# <center>Week 1 Assignment</center>
In this week's FTE, we examined CSV and JSON file formats. We wrote code to manually convert a specific CSV file to a specific JSON in the process. 

In [1]:
# Read CSV file. This wouldn't work well for very large files
with open('data/scientists.csv') as f:
    reader = csv.DictReader(f)
    rows = list(reader)
    
# Write JSON file to disk
with open('data/scientists.json', 'w') as f:
    json.dump(rows, f)

FileNotFoundError: [Errno 2] No such file or directory: 'data/scientists.csv'

## Part 1

The comment above the CSV section makes an assumption and says it wouldn't work for large files. Use the following articles to understand the terms **eager evaluation** and **lazy evaluation**:
* https://en.wikipedia.org/wiki/Eager_evaluation
* https://en.wikipedia.org/wiki/Lazy_evaluation

Now answer the following questions:

1. In light of the two definitions above, what is the assumption made by that comment?
2. Explain why that assumption is right or wrong.
3. Is it safe to use the code above on large files?

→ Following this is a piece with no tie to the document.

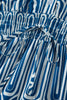 Blue Geometric Print Short Sleeve Drawstring Shirt Collar Dress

Eager Evaluation stores fully computes values before they are required. Greedy evaluation computes as soon as its arguments are known (Imperative languages are generally greedily evaluated). Greedy and Eager evaluations seem a lot alike but eager evaluation allows to create a large workload of values to be evaluated where as greed ebaluation would immediately evaluate them. 

**Pros**
* More Control
* More Transparent

__Cons__
* More responsibility for the developer
* Potential overhead more memory intense 

Lazy Evaluation only computes a value when it is needed. The assumption made by that comment is that the entire file will be read directly into memeory and not used immediately. Advantages of Lazy Evaluation
* It allows the language runtime to discard sub-expression that are not directly linked to the final result of the expression
* It allows faster computations, only access the needed data
* It allows the programmer to access components of data structures out-of-order after initializing them 
* Great for using not-frequently access data

Eager and Lazy Evaluation really depends on the langague you are working in.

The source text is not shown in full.